Aim of the exercise
Return the lines below that contain "with".

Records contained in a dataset
=== Begin Enclosure ===

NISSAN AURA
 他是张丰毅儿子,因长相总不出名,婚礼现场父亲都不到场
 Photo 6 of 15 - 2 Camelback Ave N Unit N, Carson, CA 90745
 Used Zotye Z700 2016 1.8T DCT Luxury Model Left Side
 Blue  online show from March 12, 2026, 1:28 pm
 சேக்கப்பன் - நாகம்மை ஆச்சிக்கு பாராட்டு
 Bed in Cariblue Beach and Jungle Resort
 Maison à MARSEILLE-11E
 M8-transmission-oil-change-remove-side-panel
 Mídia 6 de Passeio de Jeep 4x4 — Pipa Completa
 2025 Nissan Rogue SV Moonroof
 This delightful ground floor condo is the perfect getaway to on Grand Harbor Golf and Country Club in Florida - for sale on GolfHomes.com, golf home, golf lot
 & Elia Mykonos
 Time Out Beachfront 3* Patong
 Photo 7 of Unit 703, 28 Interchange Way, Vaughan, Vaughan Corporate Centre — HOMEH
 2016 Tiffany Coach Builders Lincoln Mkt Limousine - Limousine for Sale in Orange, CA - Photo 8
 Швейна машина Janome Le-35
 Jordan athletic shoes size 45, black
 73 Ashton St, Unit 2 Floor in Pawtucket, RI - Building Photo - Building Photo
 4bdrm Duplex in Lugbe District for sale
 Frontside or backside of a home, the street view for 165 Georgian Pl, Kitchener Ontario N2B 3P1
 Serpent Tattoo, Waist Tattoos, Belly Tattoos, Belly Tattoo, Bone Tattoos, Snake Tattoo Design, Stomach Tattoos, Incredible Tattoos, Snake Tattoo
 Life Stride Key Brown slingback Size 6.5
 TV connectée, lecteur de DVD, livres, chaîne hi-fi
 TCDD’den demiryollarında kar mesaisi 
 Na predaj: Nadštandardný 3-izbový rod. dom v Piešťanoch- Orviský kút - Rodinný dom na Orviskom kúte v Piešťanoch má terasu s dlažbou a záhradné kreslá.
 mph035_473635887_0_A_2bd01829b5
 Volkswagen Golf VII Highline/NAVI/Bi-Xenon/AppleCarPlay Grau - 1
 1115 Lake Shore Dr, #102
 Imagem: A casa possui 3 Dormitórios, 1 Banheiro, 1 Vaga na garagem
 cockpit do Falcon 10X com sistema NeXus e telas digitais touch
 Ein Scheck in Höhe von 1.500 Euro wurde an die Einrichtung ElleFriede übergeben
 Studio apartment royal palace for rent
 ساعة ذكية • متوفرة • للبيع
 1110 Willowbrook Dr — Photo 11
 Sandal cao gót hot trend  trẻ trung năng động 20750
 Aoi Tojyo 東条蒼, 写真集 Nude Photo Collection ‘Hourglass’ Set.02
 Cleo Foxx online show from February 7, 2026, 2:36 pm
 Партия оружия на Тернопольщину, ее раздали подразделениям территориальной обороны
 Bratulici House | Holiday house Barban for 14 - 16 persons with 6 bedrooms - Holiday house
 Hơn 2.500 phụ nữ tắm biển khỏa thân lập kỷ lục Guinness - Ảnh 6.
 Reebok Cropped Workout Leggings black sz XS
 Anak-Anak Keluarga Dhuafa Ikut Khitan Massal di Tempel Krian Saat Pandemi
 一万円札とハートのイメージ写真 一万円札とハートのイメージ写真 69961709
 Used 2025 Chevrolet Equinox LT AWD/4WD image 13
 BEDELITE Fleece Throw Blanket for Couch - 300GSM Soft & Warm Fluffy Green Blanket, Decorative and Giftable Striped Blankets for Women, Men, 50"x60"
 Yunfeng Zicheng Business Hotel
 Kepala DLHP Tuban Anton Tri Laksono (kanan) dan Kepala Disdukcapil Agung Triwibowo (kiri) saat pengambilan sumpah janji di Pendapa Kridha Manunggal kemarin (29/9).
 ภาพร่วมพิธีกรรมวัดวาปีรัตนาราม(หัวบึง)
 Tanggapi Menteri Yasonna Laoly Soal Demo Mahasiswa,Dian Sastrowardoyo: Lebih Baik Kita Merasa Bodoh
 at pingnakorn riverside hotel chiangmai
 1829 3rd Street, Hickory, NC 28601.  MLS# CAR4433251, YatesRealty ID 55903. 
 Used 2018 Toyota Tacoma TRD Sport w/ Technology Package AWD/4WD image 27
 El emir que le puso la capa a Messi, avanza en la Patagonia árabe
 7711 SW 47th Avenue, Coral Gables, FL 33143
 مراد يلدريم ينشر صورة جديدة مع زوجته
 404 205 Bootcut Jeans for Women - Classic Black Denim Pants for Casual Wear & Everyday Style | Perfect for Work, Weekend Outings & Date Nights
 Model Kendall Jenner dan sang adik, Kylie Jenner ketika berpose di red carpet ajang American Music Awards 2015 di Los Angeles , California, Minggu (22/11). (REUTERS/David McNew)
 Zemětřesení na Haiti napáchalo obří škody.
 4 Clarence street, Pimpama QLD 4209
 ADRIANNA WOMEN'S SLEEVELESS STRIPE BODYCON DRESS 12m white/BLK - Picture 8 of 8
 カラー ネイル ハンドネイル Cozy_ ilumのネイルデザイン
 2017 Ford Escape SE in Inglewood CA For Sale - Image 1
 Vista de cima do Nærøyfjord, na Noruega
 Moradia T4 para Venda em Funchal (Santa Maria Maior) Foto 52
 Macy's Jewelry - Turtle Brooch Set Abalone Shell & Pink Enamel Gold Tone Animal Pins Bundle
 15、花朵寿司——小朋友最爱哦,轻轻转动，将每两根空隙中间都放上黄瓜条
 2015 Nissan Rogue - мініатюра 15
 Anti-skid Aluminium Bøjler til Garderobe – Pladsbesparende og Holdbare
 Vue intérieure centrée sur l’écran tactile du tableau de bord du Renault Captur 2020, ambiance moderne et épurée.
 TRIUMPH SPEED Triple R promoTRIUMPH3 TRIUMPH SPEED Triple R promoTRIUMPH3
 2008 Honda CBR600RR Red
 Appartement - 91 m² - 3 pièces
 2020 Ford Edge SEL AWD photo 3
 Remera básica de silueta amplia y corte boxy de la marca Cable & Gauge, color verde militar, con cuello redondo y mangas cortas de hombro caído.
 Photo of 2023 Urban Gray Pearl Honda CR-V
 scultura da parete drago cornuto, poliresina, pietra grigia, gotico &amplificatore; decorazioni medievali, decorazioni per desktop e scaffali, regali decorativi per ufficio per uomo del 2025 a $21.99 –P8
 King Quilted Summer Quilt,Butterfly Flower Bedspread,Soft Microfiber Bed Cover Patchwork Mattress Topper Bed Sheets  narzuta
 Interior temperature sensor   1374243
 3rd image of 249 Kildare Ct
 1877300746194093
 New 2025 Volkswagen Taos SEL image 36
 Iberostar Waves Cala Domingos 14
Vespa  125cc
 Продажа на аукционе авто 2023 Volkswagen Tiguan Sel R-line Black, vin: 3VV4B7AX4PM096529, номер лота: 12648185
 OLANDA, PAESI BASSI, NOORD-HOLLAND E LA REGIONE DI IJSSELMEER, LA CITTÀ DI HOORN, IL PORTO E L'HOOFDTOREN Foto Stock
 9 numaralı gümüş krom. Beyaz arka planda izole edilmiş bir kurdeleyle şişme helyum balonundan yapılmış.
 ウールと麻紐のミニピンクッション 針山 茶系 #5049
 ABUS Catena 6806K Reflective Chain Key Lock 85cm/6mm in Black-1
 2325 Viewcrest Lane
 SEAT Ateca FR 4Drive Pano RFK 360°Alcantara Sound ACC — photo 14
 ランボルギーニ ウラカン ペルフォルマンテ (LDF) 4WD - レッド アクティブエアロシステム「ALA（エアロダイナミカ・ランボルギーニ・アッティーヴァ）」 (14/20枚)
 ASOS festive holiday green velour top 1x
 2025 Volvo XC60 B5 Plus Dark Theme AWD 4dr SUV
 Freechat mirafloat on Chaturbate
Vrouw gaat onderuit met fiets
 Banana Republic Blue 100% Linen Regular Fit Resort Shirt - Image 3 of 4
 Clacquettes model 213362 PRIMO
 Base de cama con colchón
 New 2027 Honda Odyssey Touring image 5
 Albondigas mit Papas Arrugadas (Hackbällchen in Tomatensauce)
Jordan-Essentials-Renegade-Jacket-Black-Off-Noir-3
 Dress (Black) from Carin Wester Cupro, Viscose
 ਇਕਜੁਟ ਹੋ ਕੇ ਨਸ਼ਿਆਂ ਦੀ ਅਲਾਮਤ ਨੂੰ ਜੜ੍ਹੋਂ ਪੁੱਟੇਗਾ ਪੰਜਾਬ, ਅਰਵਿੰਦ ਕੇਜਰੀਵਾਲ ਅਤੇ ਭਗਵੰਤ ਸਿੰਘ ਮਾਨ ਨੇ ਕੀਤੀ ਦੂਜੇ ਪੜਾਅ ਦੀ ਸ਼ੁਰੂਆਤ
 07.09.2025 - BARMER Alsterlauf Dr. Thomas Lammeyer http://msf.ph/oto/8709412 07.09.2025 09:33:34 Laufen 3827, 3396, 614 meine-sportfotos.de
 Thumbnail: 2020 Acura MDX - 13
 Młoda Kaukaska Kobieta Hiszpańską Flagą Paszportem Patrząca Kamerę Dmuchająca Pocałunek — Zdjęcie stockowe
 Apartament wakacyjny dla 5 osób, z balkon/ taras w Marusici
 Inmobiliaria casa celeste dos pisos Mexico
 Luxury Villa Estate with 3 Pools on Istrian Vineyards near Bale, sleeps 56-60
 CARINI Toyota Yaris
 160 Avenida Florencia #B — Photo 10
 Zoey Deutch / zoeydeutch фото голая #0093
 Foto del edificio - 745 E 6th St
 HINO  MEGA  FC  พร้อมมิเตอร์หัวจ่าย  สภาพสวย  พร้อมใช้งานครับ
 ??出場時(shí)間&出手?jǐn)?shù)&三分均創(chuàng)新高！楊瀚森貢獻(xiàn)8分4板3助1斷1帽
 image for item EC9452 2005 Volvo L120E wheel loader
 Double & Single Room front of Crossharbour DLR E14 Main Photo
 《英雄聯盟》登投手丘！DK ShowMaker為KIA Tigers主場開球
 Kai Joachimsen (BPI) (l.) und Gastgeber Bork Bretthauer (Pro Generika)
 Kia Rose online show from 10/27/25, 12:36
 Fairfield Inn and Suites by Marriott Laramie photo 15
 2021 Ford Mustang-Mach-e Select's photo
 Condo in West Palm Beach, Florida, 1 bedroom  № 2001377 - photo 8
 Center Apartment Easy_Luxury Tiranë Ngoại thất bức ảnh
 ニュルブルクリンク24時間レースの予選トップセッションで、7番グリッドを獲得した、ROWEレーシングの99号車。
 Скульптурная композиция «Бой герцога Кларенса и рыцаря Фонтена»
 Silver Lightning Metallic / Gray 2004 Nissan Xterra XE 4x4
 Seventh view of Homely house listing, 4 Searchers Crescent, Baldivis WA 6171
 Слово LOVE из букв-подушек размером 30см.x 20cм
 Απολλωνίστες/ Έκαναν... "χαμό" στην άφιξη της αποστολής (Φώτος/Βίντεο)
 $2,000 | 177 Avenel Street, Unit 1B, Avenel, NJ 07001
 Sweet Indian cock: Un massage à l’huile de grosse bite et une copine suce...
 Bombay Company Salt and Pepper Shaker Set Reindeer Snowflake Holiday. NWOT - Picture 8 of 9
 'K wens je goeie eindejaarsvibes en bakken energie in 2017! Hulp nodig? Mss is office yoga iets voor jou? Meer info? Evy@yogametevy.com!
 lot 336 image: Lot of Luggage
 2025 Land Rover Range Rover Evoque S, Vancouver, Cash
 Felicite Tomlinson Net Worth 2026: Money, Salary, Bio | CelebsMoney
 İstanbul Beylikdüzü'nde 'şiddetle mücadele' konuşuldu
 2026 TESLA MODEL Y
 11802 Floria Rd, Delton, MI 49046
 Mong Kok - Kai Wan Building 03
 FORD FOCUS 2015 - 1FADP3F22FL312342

=== End Enclosure ===

Your solution
 Bratulici House | Holiday house Barban for 14 - 16 persons with 6 bedrooms - Holiday house
 Luxury Villa Estate with 3 Pools on Istrian Vineyards near Bale, sleeps 56-60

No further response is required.